Social and moral psychology theories such as value systems theory, also stress the importance of focusing on the values and principles of those involved in creating and deploying AI systems. By linking ethical principles to personal and organizational values through values theory, organizations can inspire their employees to act in accordance with these principles, leading to a culture of ethics and accountability that supports the consistent implementation of transparency and fairness in AI systems. Literature in organizational psychology has evidenced that the values and motivations of individuals are crucial to reducing bias and discrimination within organizations—and that corporate efforts at reducing discrimination are ineffective without motivated individuals (Dobbin and Kalev 2018; Sullivan et al. 2001). Similarly, individuals are more likely to adopt changes in policy or practice if they perceive an organizational shift in line with their values (e.g., see Angehrn 2005). These notions remain essential when considering ways of eradicating discrimination from AI systems and creating and rolling out solutions that promote fairer and less biased AI systems.

A practical dimension of values from psychology contrasts between self-transcendent values, those that reflect care and concern for others and the world outside of oneself, and self-enhancing values, those that represent a focus on oneself, for example, in terms of increasing one’s success or sense of power (Schwartz 1992, 2012). Taxonomies of specific values distinguished in terms of where they lie on this model are highly consistent across many cultures (Schwartz 1992). The distinction between the two categories of values—self-transcendent values that comprise universalism (caring for others equally) and self-enhancing—helps to predict whether value-congruent behavior will be undertaken (Nordlund and Garvill 2002; Schoenefeld and McCauley 2016).

Most who have been queried in cross-cultural samples endorse the self-transcendent values—universalism (caring for others equally) and benevolence (value of enhancing the welfare of the community; Schwartz 2012)—needed to invest in trustworthy and fair technology (Bardi and Schwartz 2003). In principle, it should be easy to get people to do the ‘right’ thing regarding trustworthy technology. So, why are there still such prominent and unacknowledged biases in technology? Studies show a discrepancy between people’s stated values and their behaviors, and small to moderate relations have been reported linking values and corresponding behaviors (Bardi and Schwartz 2003; Cieciuch 2017; Schwartz et al. 2017; Schwartz and Butenko 2014). This value-behavior gap is an elusive foe. Despite efforts to identify sources for eliminating it taken over many years, it has historically escaped researchers’ actions in several value-driven behavior domains, such as in environmental behaviors (Kollmuss and Agyeman 2002; Linder et al. 2022), prosocial behavior (Dovidio et al. 2017) and prejudice reduction (Paluck et al. 2021). The difficulty arises in part because values exist in the abstract. In contrast, specific situations have concrete needs and challenges that may prevent them from being consciously associated with their corresponding values or that may create barriers to change. Put differently, whereas an ideal situation would be to follow one’s values consistently, one may fail to do so because they fail to recognize how their values could best be expressed in a specific situation or because they feel blocked in expressing their values because of the current demands of the situation (Maio 2010).

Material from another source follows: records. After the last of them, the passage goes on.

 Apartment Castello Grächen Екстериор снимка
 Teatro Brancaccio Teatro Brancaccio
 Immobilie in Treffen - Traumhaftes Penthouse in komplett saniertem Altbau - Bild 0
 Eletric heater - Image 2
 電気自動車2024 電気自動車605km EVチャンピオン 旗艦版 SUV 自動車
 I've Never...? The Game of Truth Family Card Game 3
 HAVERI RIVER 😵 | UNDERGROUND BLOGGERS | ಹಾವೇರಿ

Further, to change one’s existing behavior patterns to align these with values, one must change habits (Legate et al. 2021; Legate and Weinstein 2021, 2022). The ways that people apply their values to their day-to-day work and life become habitual through repetition. Certain decisions and priorities are familiar through their recurrence in the work environment; certain ways of talking about and evaluating priorities become normative. Those behaviors that may not be well-aligned to one’s values have been reinforced in conditions where contradictory outcomes are appreciated at the institutional level (Legate and Weinstein 2022). Therefore, these habits must be re-examined, and new information integrated to change the output. To do so, we must consider the wider professional environment in which people operate, and the barriers it might raise to engaging in value-consistent behavior.

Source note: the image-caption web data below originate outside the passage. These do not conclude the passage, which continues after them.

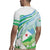 Personalised Djibouti Rugby Jersey Jabuuti Emblem With Jasmine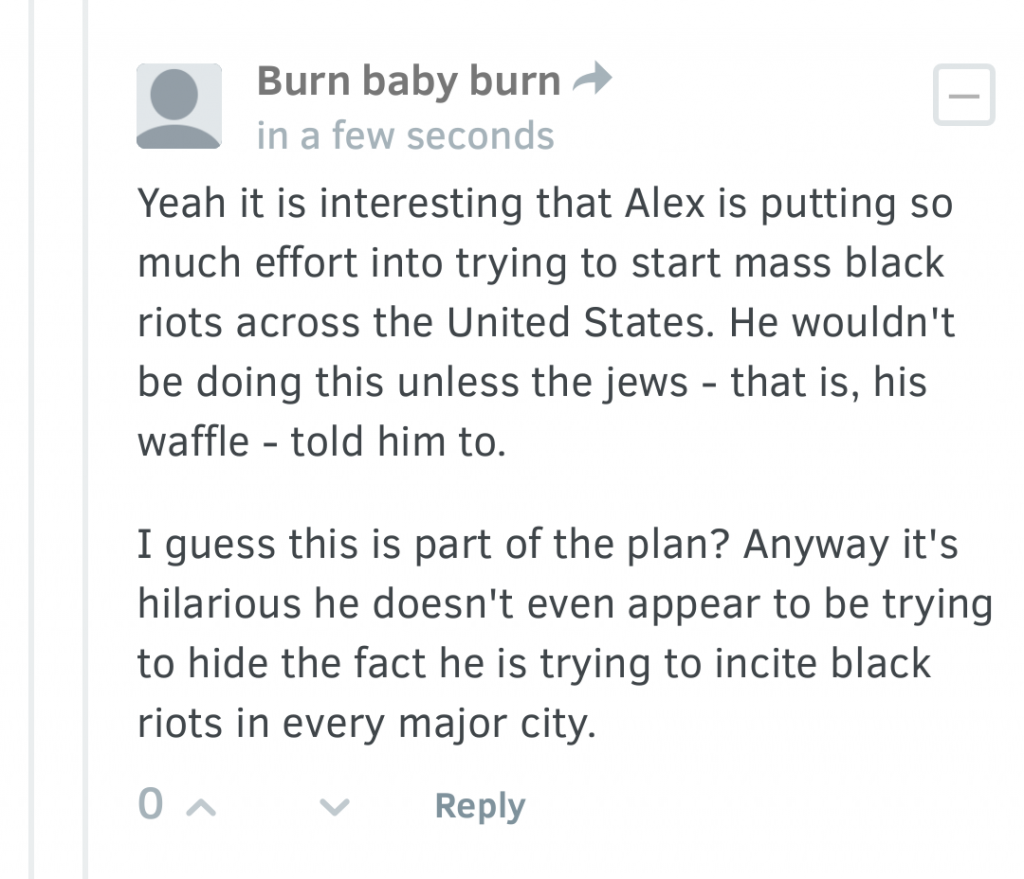 ...but if you change "wife" to "waffle," it goes right on through.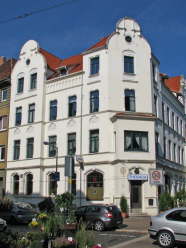 Borgentrickstrae / Hildesheimer Strae
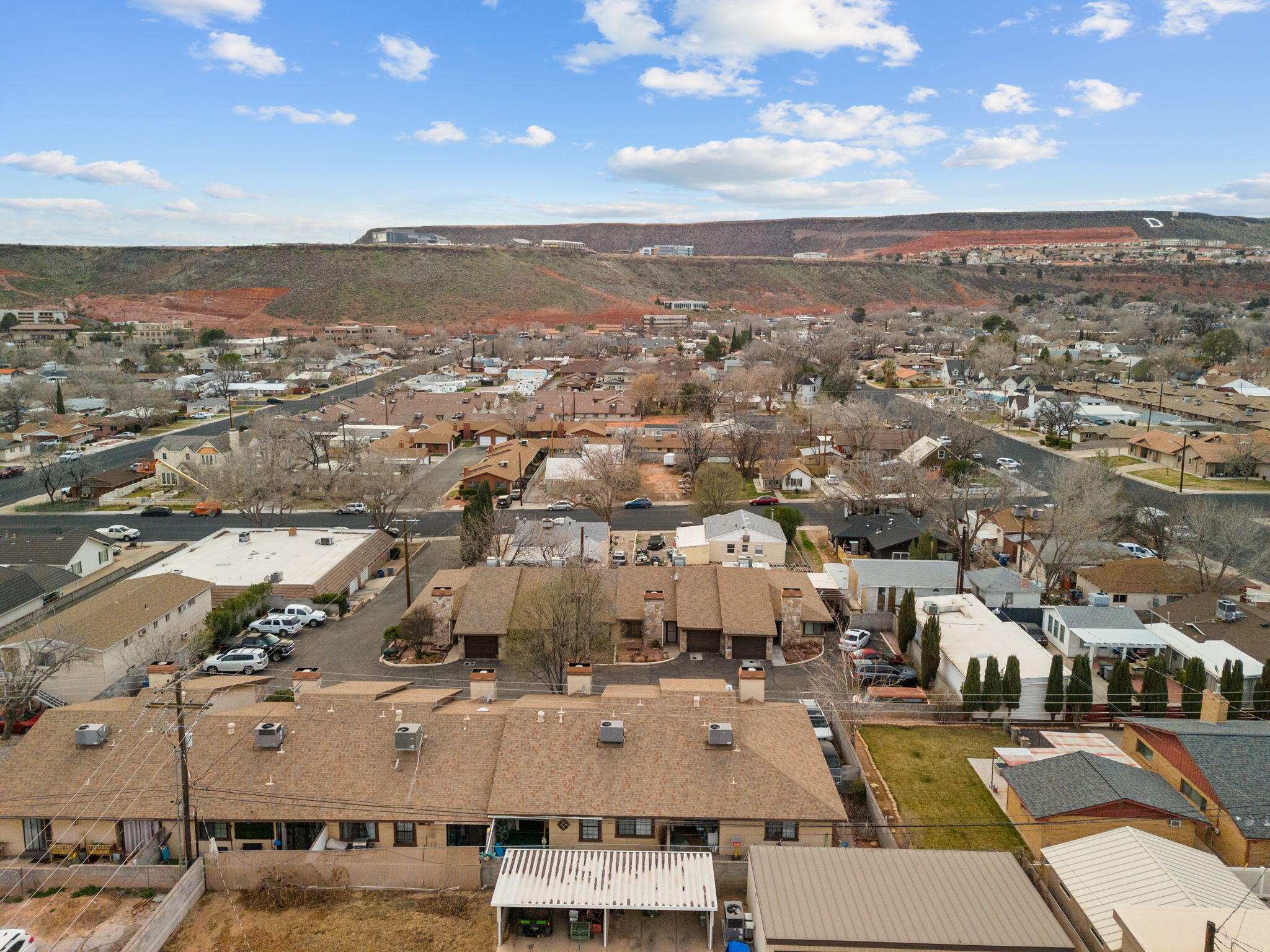 GARDEN GROVE TOWNHOMES - Residential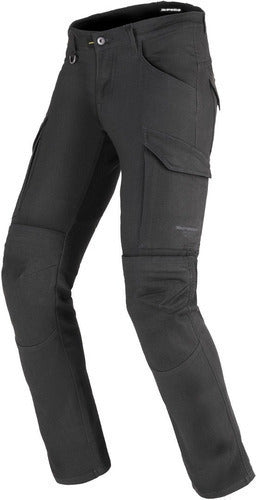 PANTALON PATHFINDER NEGRO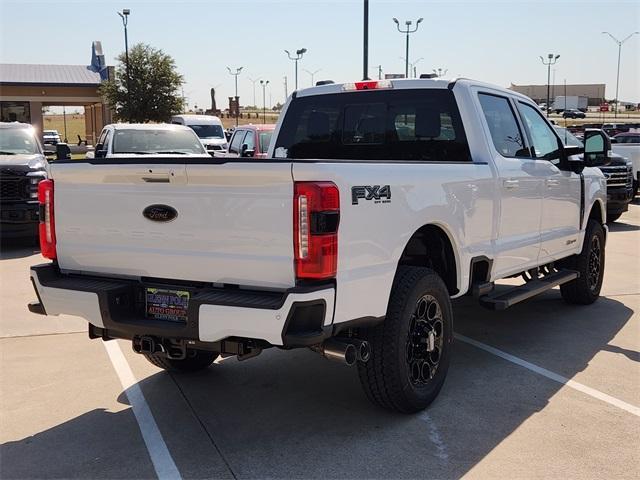 new 2024 Ford F-250 car, priced at $70,833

It is now recognized that strategies for changing behavior must be sensitive to the context of the behavior (for example, recognizing existing workplace cultures or practical challenges of undertaking behavior; Hutchison 2019; Miner and Costa 2018; Pless and Maak 2004), consider employing multiple strategies at once to produce change (Coleman and Pasternak 2012), and ultimately test sustained behavioral change (Volpp and Loewenstein 2020). A recent study by Winecoff and Watkins (2022) emphasized that the discordant values of start-up entrepreneurs (and developers) and their funders often hindered the product’s (AI system) ability to reflect their values. Findings emphasized that while entrepreneurs aimed to preserve their values—especially those connected to scientific integrity and organizational autonomy within their organization—the demands of technology entrepreneurship often ran counter to these values by focusing predominantly on rapid innovation and financial gain. In this case, the need to operate within the fast-moving technology industry constrained how entrepreneurs and developers fully transformed their ethical values into substantive practices. Whittlestone et al. (2019) recently argued for the need to focus research attention not only on identifying principles and values that AI should follow, but also on identifying the tensions that inevitably arise when implementing these principles in practice—such as tensions between the goals of an AI system and the risks it introduces to other values, or the tensions between the interests and values of an organization, a user, and a developer. Understanding and leveraging the values of developers and the environment in which the AI system is being developed is an important step to developing effective solutions to the problem of biased AI.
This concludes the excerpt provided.